Your instructions:
Your output should be the exact lines from the start of the data through the line containing "black roof accents for single story house", with no pictures.

Crawled caption data:
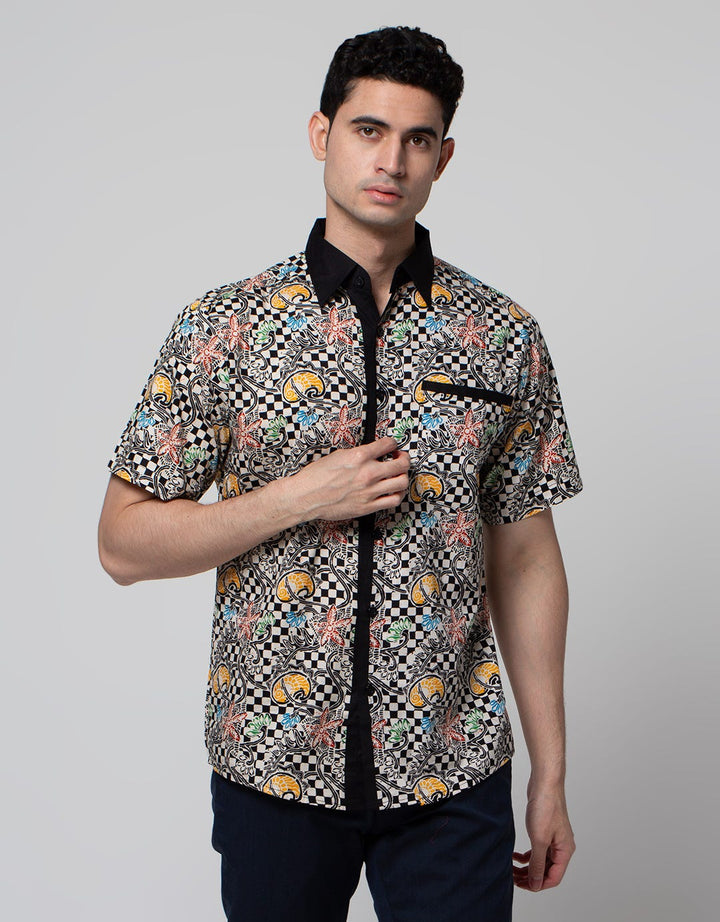 Arjuna Weda Chess Board Men's Batik Shirt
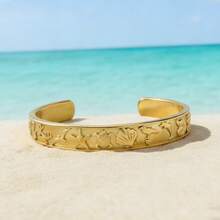 1pc Elegant & Cute 18K Gold Plated 3D Marine Life Stainless Steel Open Cuff Bracelet, Suitable For Daily Wear, Beach Vacation, Best Friend Gift - Gold - View 4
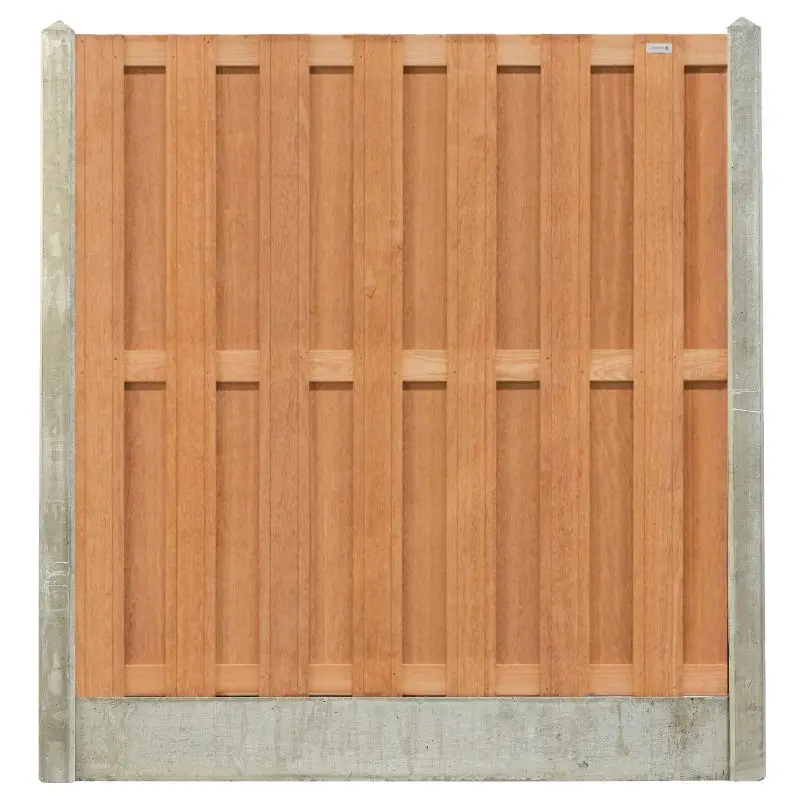 Actieprijs Hout & Beton schutting grijs - Hardhout keruing 15L (197 x 200 cm) dikte 3,9 cm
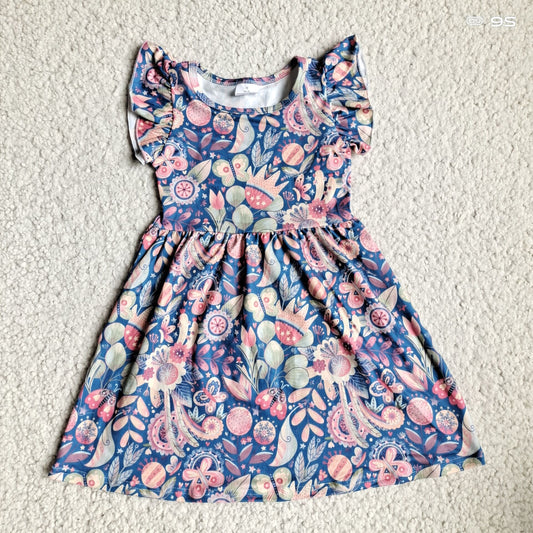 kids baby navy floral pearl dresses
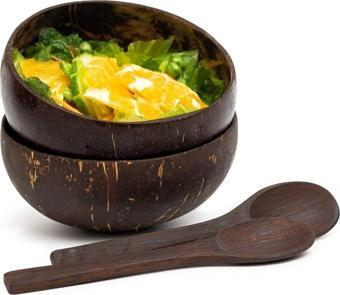 Wisha Natural El Yapımı Cilalı Hindistan Cevizi Kase + Abanoz Kaşık 2 Kişilik Set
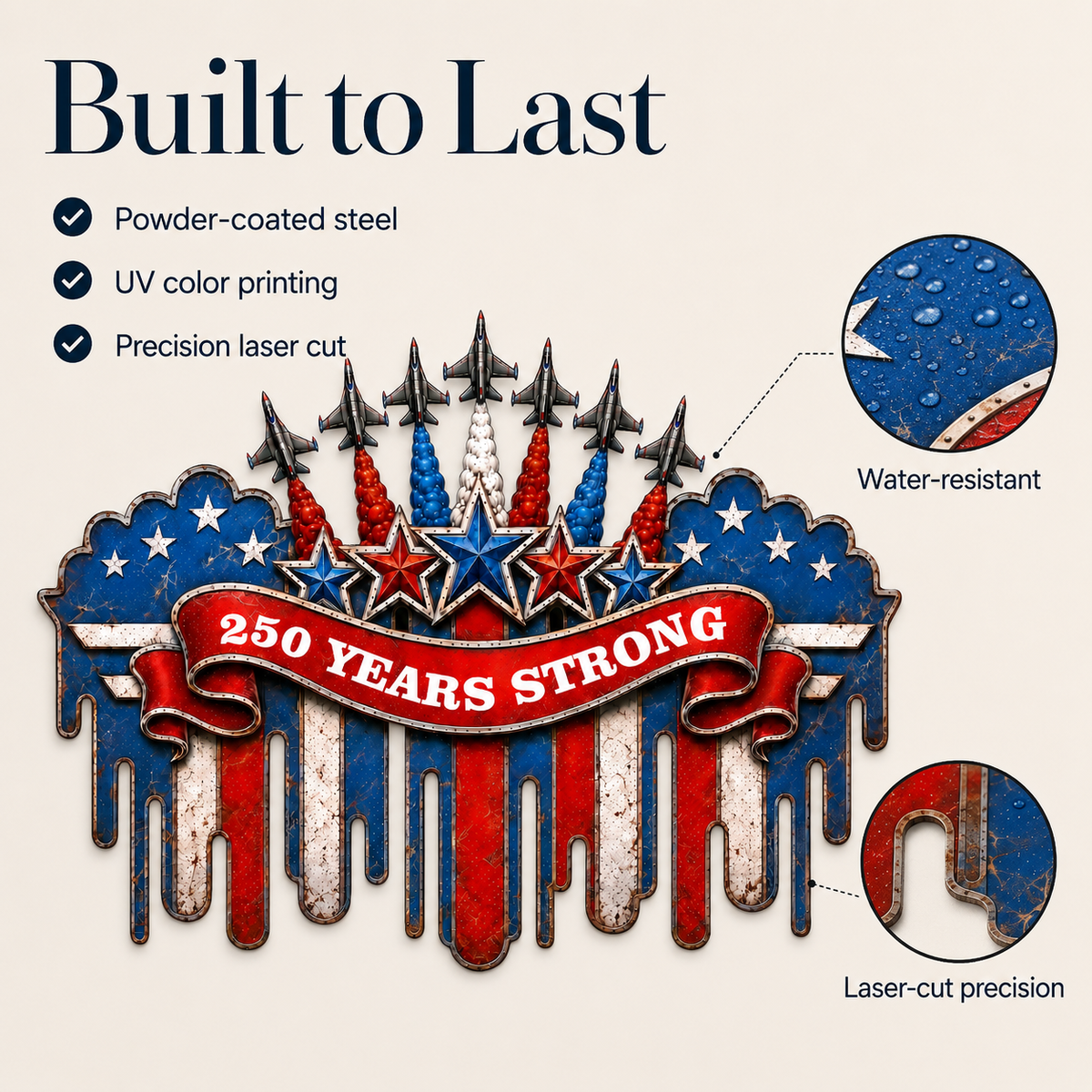 250 Years of Freedom Metal Sign, America 250th Anniversary Patriotic Wall Decor, USA Independence Day Gift — main 4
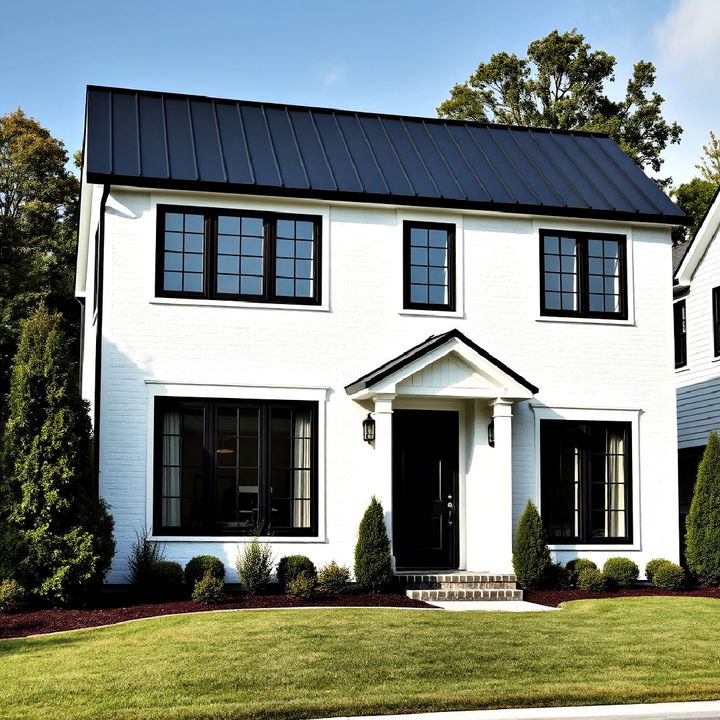 black roof accents for single story house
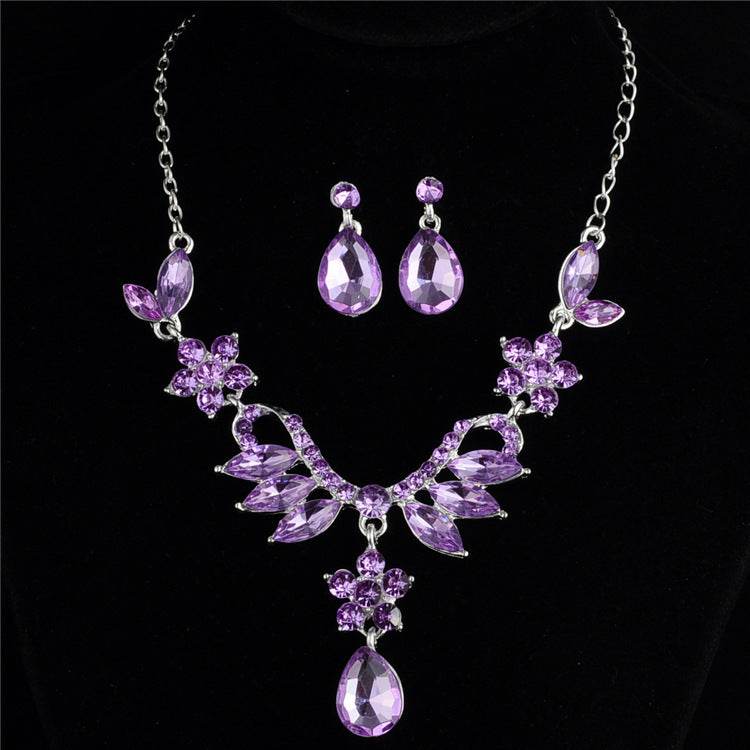 Foreign trade explosion bride alloy diamond necklace earrings set wedding jewelry and jewelry accessories - ProTrendyz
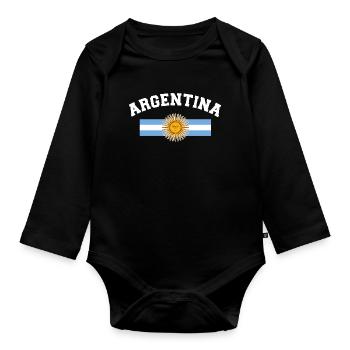Argentina - Organic Longsleeve Baby Bodysuit - black - Front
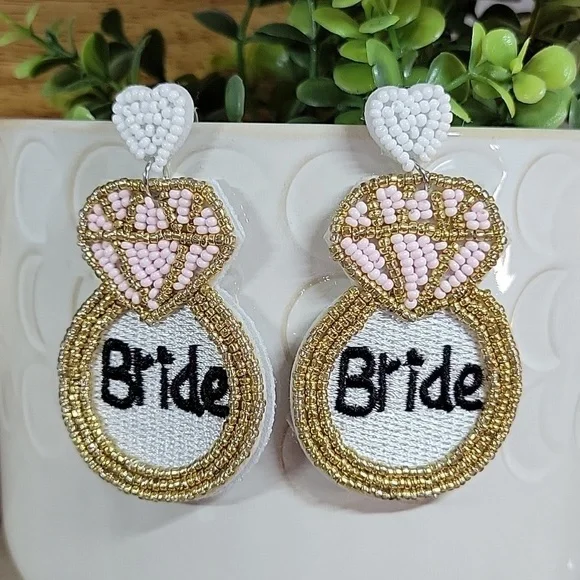 Bridal Rice Bead Earrings - Picture 3 of 10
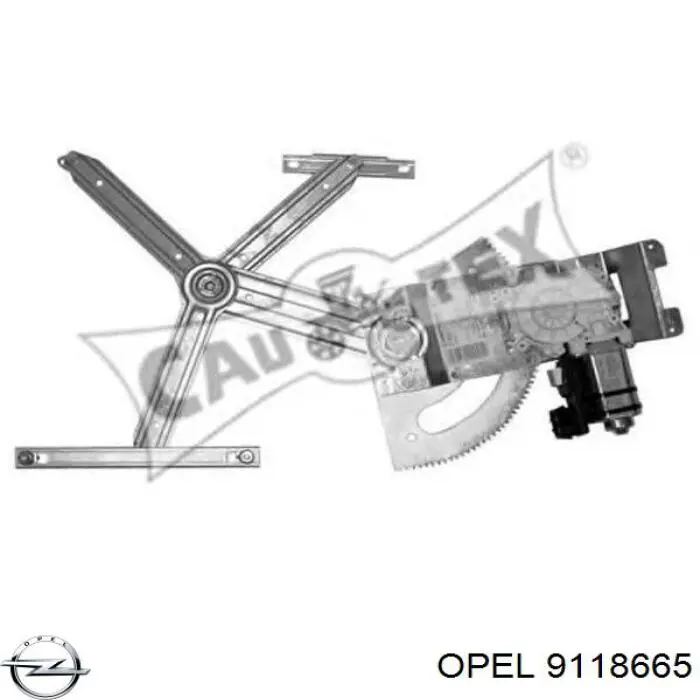 9118665 Opel mecanismo de acionamento de vidro da porta dianteira direita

Exercise output:
 Arjuna Weda Chess Board Men's Batik Shirt
 1pc Elegant & Cute 18K Gold Plated 3D Marine Life Stainless Steel Open Cuff Bracelet, Suitable For Daily Wear, Beach Vacation, Best Friend Gift - Gold - View 4
 Actieprijs Hout & Beton schutting grijs - Hardhout keruing 15L (197 x 200 cm) dikte 3,9 cm
 kids baby navy floral pearl dresses
 Wisha Natural El Yapımı Cilalı Hindistan Cevizi Kase + Abanoz Kaşık 2 Kişilik Set
 250 Years of Freedom Metal Sign, America 250th Anniversary Patriotic Wall Decor, USA Independence Day Gift — main 4
 black roof accents for single story house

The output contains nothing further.